Records from a dataset:
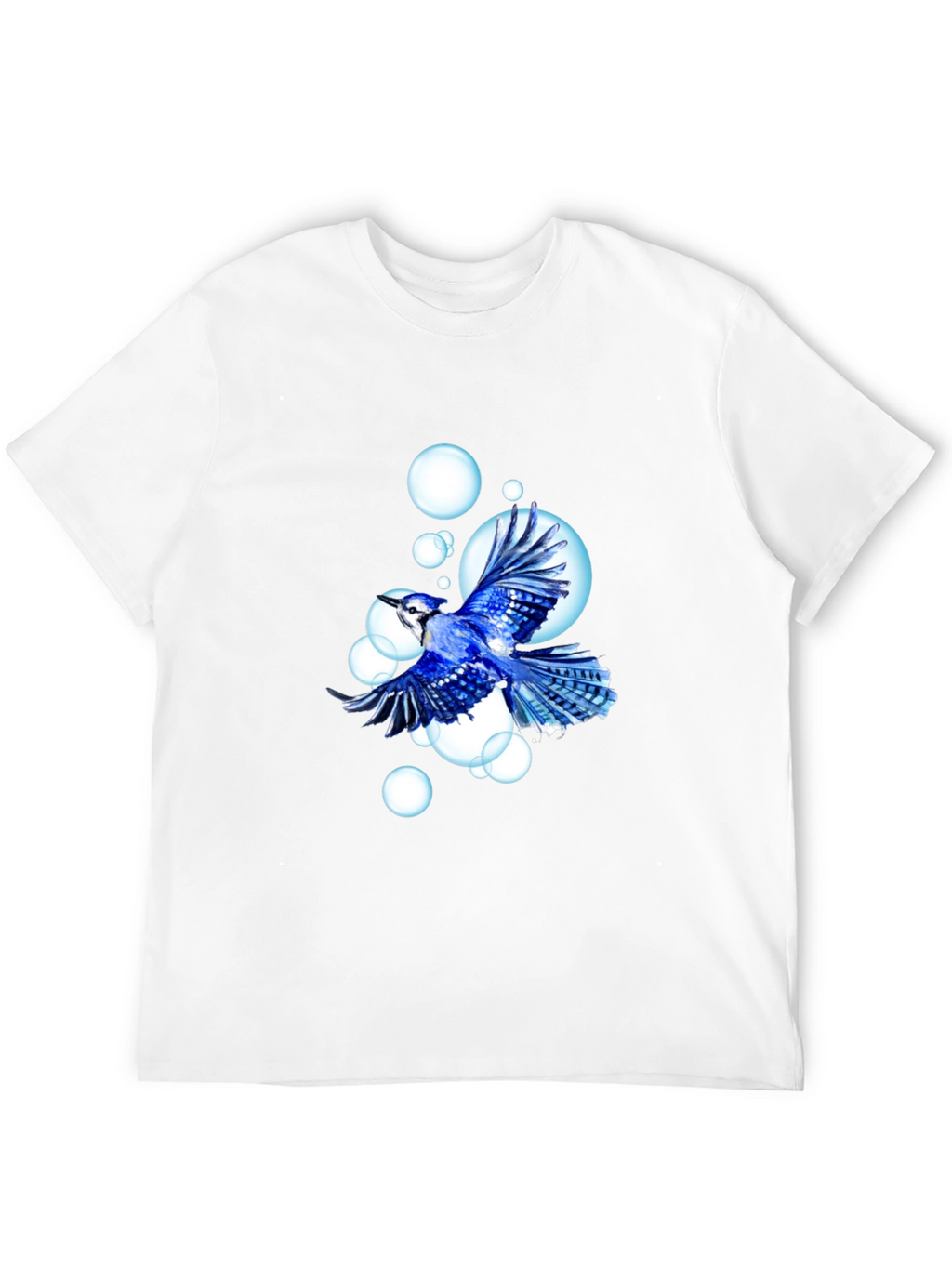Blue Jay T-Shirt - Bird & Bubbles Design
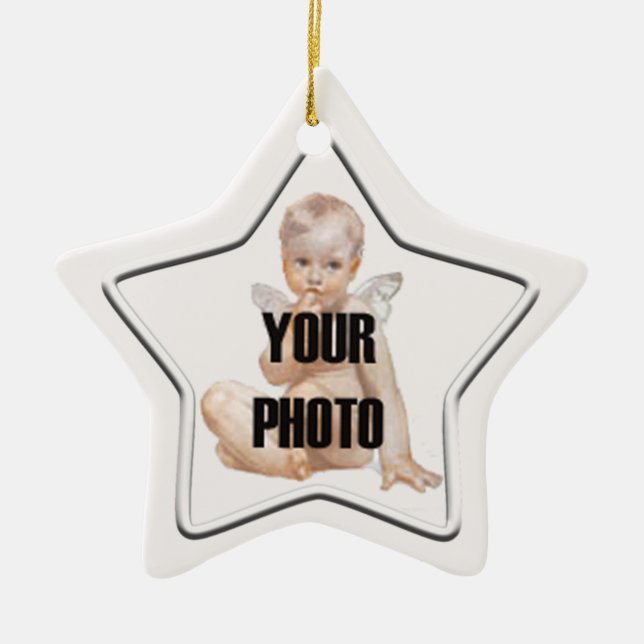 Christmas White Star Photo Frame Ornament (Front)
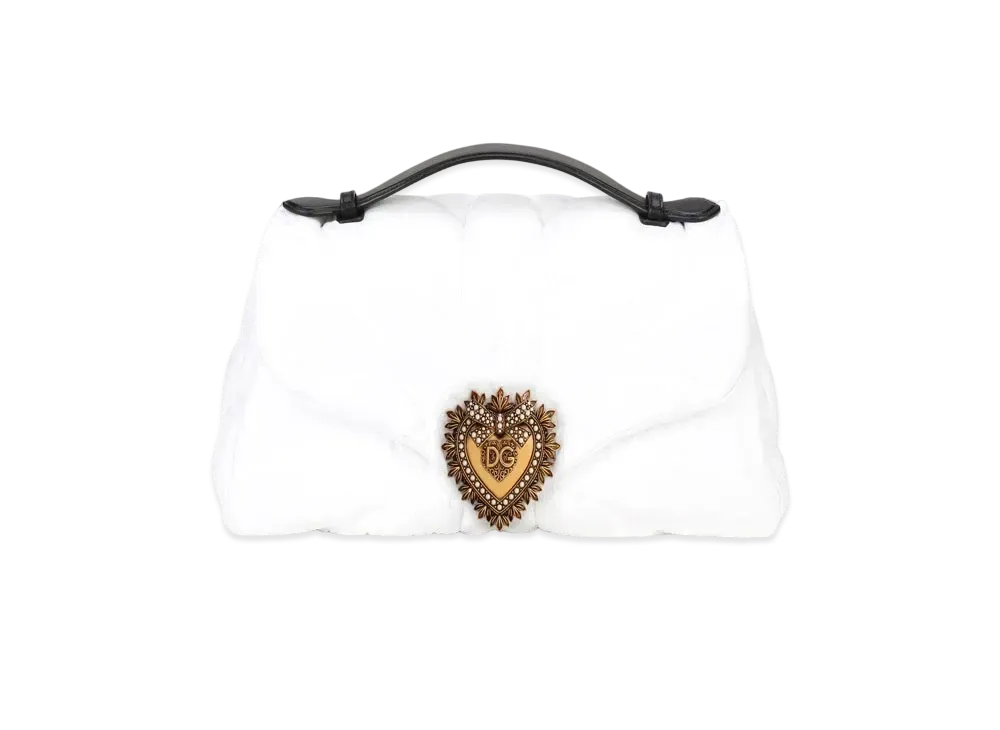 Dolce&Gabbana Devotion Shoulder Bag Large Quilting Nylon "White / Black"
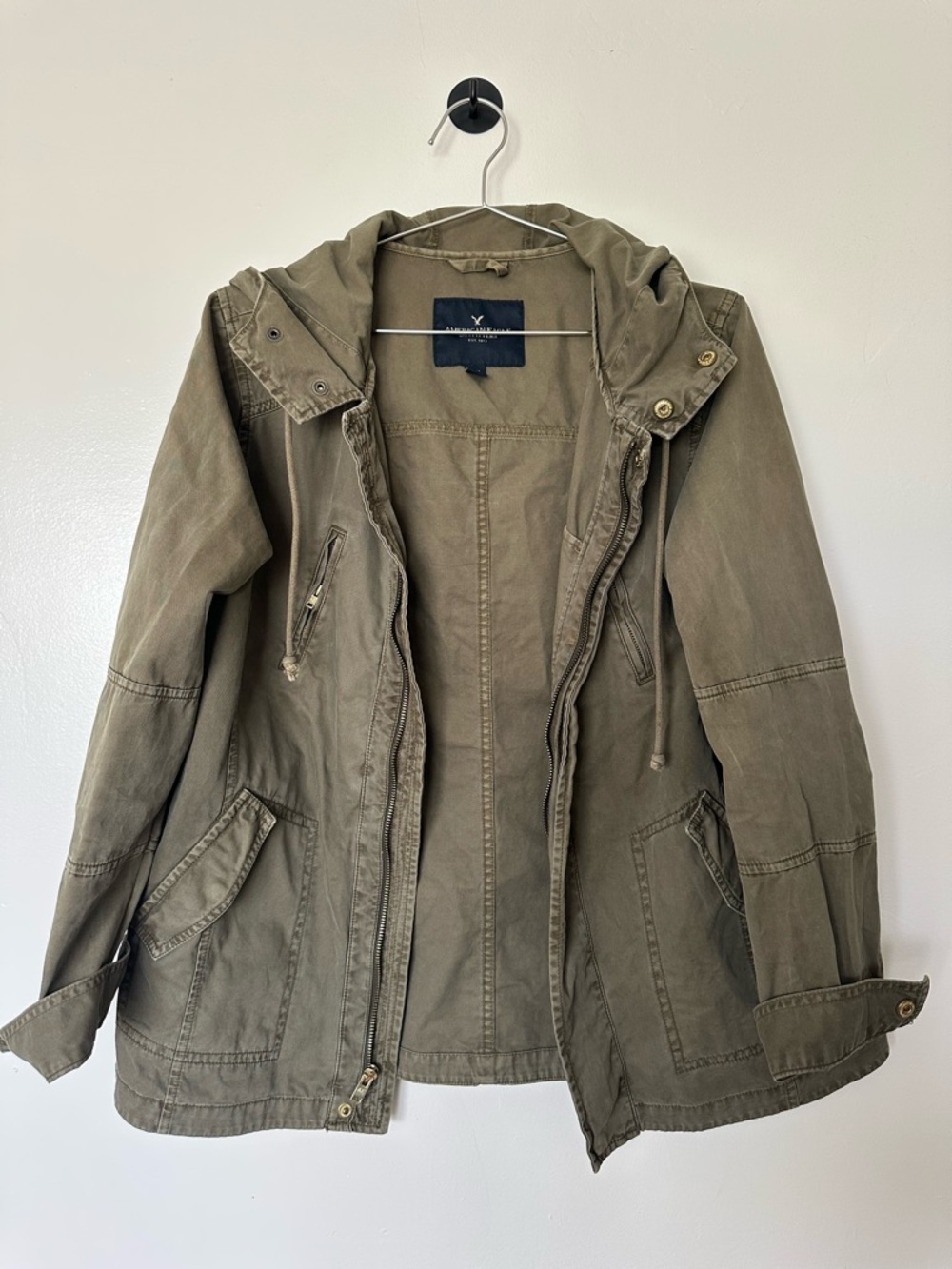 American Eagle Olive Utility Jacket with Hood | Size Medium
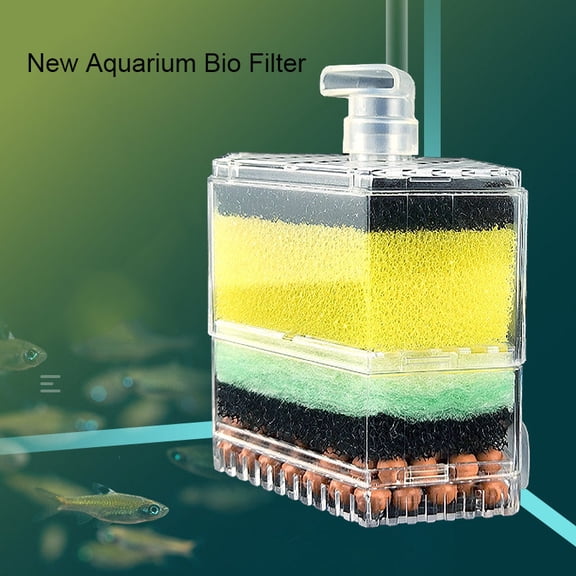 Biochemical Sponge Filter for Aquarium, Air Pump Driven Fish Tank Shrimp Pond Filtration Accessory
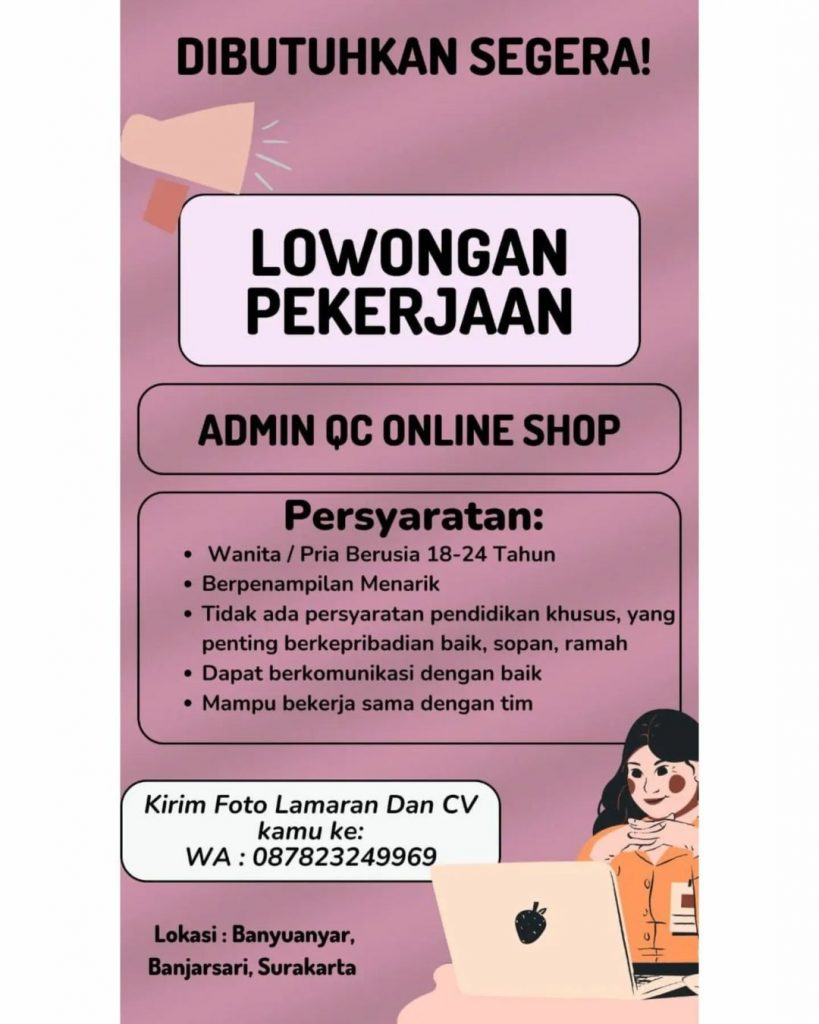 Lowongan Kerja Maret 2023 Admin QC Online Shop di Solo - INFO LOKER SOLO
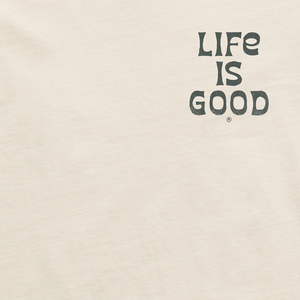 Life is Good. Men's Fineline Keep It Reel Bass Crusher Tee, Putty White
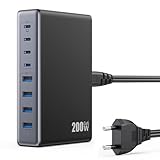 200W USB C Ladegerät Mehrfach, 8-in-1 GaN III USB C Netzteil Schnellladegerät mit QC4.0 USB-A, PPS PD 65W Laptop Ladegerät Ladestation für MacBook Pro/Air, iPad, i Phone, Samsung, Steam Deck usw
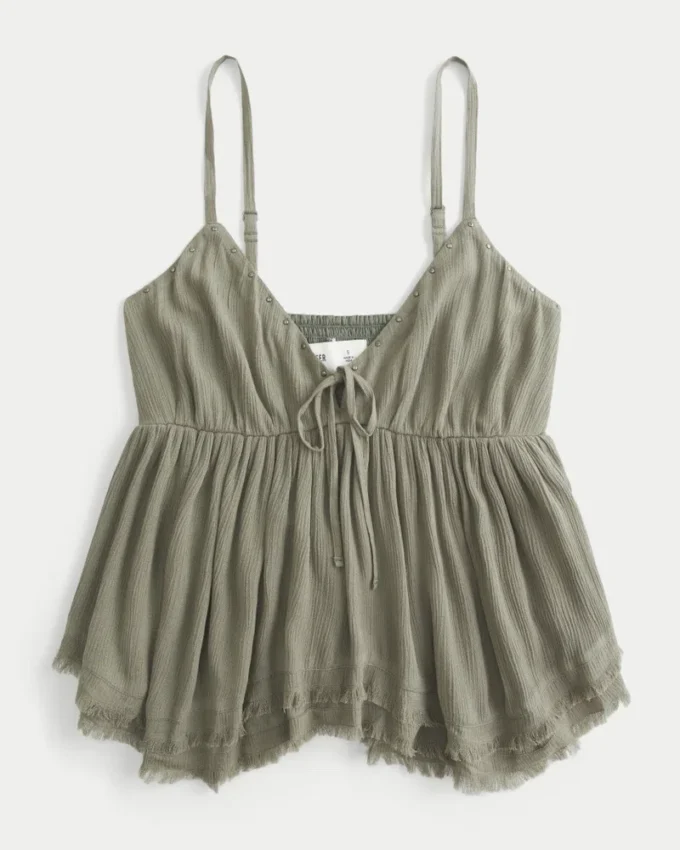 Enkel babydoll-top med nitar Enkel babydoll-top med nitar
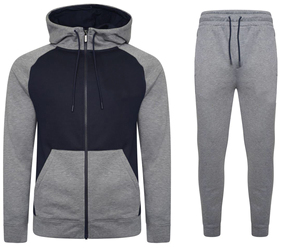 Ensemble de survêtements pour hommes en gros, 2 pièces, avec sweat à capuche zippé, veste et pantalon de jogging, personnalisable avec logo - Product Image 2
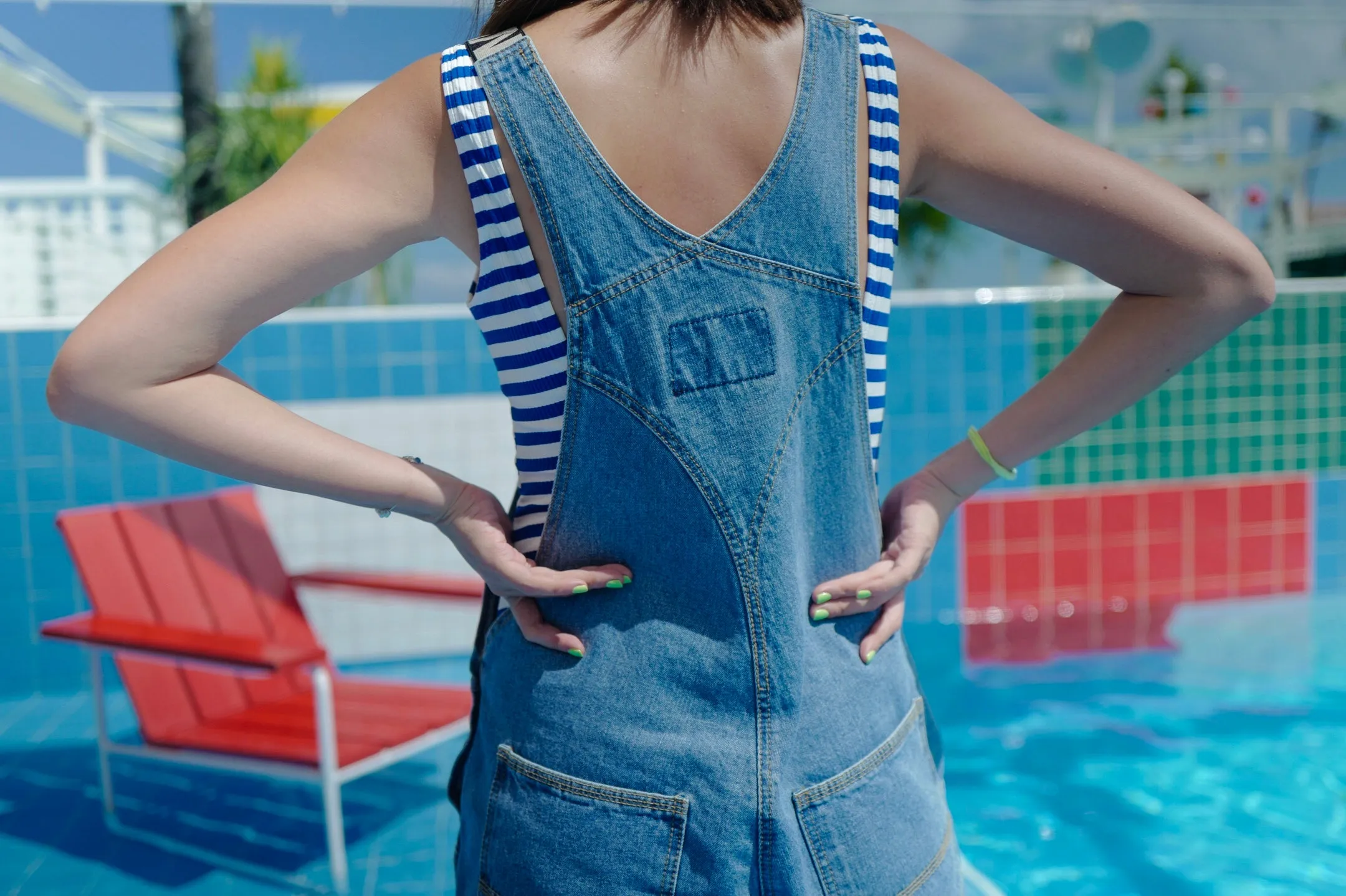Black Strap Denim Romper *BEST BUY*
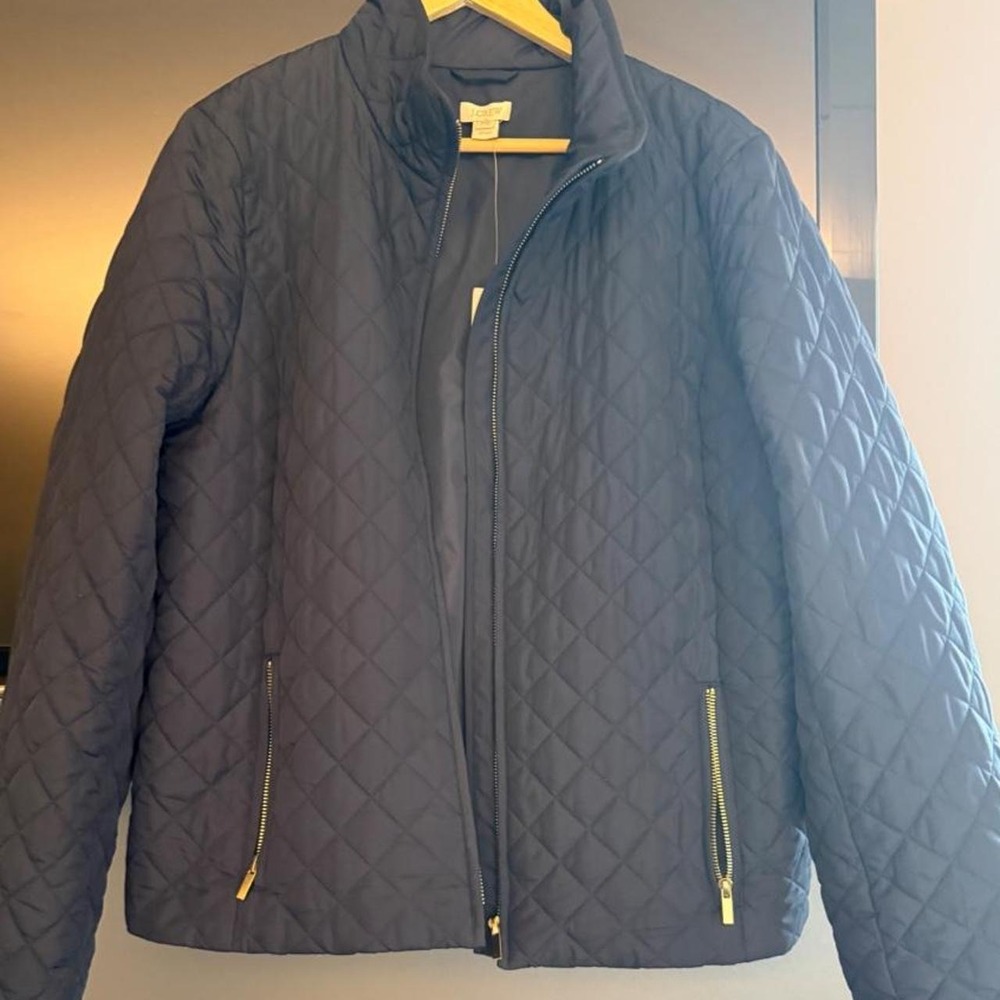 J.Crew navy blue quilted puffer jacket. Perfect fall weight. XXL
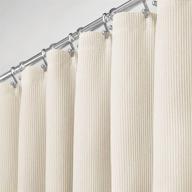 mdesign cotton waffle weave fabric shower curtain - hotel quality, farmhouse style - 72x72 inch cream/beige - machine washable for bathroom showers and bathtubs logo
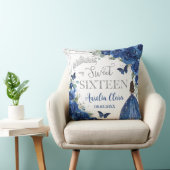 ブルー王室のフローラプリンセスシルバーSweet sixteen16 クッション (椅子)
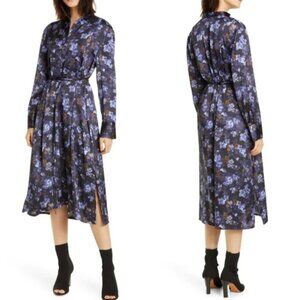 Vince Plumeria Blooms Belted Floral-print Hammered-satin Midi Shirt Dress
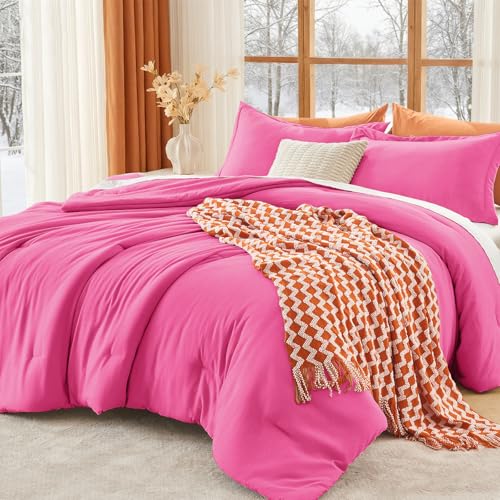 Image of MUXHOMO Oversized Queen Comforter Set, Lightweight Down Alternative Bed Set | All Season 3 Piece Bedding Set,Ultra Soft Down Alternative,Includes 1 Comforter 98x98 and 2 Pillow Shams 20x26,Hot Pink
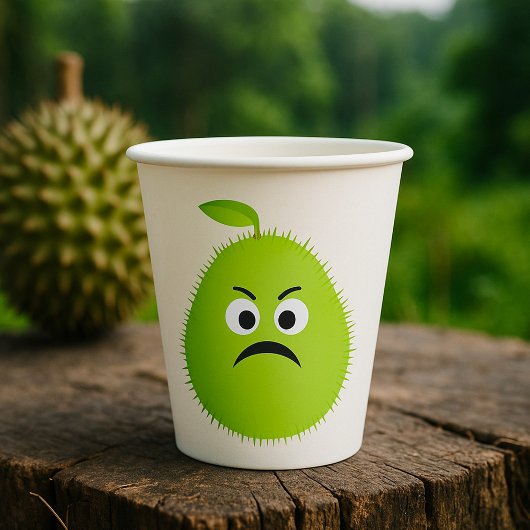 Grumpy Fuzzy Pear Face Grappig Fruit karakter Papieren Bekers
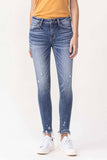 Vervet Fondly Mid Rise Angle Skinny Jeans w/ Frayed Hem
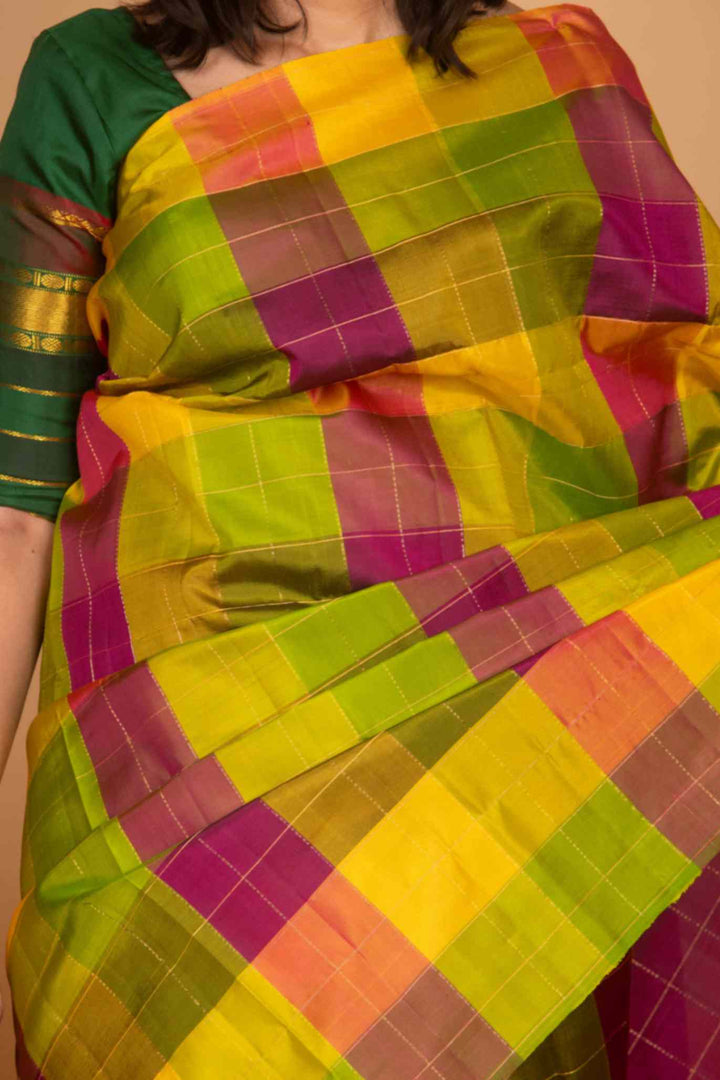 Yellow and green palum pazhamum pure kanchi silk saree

» **Task prompt**
The answer consists of the lines from the one holding "Vervet Fondly Mid" to the end of the records, inclusive, restated exactly and without pictures.

» **Solution below**
 Vervet Fondly Mid Rise Angle Skinny Jeans w/ Frayed Hem
 Yellow and green palum pazhamum pure kanchi silk saree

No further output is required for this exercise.